Report Date: October 27, 2024
Broker: Maybank Research Pte Ltd
Financial Overview and Stability
CapitaLand Ascendas REIT (CLAR) reported steady financial metrics for 3Q24, confirming a consistent trend in operational stability. The REIT’s rent reversion rate was in the mid-teens, primarily driven by logistics, with management reaffirming a full-year guidance of high single-digit positive reversion. Portfolio occupancy was 92.1%, slightly down from 93.1% in 2Q24, with stability in Singapore and Europe/UK regions, while occupancy dipped in the U.S. and Australia due to specific non-renewals in Raleigh (business park) and Sydney (logistics).
Debt and Coverage Ratios
As of 3Q24, CLAR’s gearing ratio increased to 38.9%, up from 37.8% in 2Q24, with the cost of debt and interest coverage ratio stable at 3.7% and 3.5x, respectively. The REIT has continued its capital recycling efforts, recently divesting a logistics asset in Singapore to a data center operator at a premium above book value. This divestment generated SGD112.8 million, reflecting a 67% premium over the asset’s book value and an exit gross yield of 4.8%.
Portfolio Performance
The REIT’s portfolio achieved a rent reversion of +14.4% in 3Q24, with logistics assets showing strong performance. This figure significantly surpasses the anticipated full-year guidance, despite a conservative outlook by management. The recent divestment includes a 430,000 sq. ft. warehouse with unique features such as a floor loading capacity exceeding 30 kPa, ceiling height over 7.5m, and close proximity to a data center cluster. This facility, with a floor loading exceeding 30 kPa and ample power supply, positions it as a premium asset, adding to CLAR’s strategic value through targeted asset disposals.

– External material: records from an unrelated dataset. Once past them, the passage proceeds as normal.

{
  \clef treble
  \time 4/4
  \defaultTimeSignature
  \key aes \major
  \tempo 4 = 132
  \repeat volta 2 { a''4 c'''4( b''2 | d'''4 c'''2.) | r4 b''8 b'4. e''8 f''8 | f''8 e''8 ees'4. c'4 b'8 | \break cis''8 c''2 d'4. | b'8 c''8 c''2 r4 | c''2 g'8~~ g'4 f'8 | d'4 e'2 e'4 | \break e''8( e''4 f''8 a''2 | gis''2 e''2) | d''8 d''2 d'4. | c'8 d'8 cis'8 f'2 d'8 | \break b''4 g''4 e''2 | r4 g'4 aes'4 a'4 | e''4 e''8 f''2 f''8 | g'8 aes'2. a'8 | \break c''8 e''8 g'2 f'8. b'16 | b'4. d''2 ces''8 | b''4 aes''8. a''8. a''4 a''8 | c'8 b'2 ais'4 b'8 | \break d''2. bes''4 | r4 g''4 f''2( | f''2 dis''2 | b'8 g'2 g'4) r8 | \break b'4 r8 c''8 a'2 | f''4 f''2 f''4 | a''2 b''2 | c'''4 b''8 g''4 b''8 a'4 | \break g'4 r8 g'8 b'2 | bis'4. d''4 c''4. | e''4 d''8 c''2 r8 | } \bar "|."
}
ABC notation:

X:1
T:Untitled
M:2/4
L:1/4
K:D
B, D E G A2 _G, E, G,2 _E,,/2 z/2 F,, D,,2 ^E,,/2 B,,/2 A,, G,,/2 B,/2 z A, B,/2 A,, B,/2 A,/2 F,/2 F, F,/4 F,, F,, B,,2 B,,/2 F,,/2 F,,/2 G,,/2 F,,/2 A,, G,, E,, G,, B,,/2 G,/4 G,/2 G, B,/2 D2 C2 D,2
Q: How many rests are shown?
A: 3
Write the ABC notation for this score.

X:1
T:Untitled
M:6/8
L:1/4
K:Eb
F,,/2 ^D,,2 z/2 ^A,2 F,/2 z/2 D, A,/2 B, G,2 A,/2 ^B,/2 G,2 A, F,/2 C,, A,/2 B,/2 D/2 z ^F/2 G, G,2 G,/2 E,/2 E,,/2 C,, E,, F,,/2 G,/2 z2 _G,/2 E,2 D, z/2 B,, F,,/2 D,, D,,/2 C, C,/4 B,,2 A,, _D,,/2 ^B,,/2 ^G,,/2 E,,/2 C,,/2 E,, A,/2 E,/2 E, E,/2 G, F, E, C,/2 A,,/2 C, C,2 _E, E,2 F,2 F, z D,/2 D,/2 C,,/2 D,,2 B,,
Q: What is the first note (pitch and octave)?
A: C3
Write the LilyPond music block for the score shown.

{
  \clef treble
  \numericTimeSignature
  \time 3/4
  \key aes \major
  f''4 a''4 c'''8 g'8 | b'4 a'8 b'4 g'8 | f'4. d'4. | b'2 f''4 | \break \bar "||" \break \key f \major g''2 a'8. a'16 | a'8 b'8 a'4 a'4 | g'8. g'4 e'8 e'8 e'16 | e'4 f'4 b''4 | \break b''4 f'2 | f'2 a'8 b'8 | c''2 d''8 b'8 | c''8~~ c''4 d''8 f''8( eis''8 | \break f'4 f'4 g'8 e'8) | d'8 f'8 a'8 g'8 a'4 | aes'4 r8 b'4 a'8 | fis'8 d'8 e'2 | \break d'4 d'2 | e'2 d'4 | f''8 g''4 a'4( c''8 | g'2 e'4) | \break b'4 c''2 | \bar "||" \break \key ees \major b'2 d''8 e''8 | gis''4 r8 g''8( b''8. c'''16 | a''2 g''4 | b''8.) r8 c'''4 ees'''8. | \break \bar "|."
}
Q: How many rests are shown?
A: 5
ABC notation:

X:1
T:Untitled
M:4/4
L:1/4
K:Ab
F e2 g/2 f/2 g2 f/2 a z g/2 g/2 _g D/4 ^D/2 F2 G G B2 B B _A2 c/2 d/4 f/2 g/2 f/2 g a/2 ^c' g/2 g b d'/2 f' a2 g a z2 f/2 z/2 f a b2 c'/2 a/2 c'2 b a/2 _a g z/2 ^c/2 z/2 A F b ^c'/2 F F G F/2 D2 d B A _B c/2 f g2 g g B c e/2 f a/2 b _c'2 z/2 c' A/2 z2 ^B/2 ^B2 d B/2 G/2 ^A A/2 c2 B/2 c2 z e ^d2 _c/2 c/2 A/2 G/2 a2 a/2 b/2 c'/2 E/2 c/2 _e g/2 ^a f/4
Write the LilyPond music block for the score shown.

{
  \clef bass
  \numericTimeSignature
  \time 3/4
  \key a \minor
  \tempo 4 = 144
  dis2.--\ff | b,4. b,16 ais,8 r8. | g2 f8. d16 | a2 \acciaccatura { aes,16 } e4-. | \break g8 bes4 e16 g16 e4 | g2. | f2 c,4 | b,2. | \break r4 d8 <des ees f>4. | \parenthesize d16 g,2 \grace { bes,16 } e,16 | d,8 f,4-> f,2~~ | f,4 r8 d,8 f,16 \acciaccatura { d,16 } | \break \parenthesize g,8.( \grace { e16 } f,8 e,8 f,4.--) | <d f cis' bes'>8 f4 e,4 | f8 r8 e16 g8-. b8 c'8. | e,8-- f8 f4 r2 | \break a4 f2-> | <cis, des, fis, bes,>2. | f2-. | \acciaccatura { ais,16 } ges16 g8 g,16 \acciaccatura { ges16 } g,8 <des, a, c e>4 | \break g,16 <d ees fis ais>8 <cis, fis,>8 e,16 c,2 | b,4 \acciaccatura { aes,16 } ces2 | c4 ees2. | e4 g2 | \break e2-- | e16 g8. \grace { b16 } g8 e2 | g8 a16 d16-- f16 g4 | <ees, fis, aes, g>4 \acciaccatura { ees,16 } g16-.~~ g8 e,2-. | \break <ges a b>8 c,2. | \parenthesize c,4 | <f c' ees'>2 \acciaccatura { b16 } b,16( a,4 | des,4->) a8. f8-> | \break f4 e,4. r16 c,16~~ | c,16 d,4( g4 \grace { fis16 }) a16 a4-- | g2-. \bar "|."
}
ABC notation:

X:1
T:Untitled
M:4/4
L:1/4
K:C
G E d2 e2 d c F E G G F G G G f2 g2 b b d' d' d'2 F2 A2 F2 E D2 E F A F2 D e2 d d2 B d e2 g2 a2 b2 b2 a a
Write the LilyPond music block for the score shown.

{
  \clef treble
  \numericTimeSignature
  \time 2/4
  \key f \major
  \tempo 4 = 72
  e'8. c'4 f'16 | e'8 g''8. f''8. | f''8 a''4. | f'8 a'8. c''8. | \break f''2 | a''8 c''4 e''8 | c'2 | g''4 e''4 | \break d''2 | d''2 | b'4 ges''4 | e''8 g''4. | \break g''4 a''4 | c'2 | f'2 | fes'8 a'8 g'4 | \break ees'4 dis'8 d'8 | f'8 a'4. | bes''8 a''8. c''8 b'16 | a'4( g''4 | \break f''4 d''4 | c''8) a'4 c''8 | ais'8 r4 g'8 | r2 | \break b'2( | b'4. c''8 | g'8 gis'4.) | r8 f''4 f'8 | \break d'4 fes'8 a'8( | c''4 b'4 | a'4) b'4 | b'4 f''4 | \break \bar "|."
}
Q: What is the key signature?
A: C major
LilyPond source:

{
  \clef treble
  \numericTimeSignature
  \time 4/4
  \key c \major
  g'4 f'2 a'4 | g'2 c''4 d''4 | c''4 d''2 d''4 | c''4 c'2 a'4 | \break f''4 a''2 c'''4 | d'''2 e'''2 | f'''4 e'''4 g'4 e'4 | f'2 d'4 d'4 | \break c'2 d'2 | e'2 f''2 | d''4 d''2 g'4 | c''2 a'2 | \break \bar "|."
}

Strategic Capital Recycling Initiatives
CLAR’s strategic capital recycling approach has focused on selling assets at a premium and redeploying proceeds for capex, debt reduction, or yield-enhancing investments. Following its most recent divestment to GDS, one of the awardees of Singapore’s combined 80MW data center capacity, CLAR plans to utilize proceeds to bolster its portfolio through either capital expenditure or selective acquisitions. This focus on asset rotation allows the REIT to maintain a balance between occupancy and growth in core regions.
Forecasts and Investment Strategy
Maybank maintains a “BUY” rating with an unchanged target price (TP) of SGD3.10 for CLAR, citing the REIT’s diversified revenue profile, strong credit metrics, and disciplined approach to capital allocation as stabilizing factors for its bottom line. Occupancy fluctuations are expected in certain business parks and logistics sectors due to high supply; however, CLAR’s proactive portfolio management and exposure to high-yield logistics and life sciences sectors should cushion potential volatility.
Risk Factors and Considerations
Key risks for CLAR include the potential non-renewal of leases in its U.S. and UK portfolios, exposure to higher interest rates, and lower valuations in overseas properties. Additionally, older Singapore assets may require higher capital expenditure, especially as CLAR continues to expand into industrial sectors globally. Maybank’s analysis notes that higher costs could challenge earnings but believes the REIT’s financial stability and capital recycling efforts provide a strong buffer.
ESG and Governance Highlights
CLAR operates under the CapitaLand group’s 2030 Sustainability Master Plan, which sets rigorous environmental goals. It has 43% of its properties certified under the BCA Green Mark, with green leasing initiatives and increased solar installations to meet sustainability targets by 2030. Governance measures include a well-structured board with high independence, adherence to regulatory frameworks, and a balanced management fee structure favoring unitholders.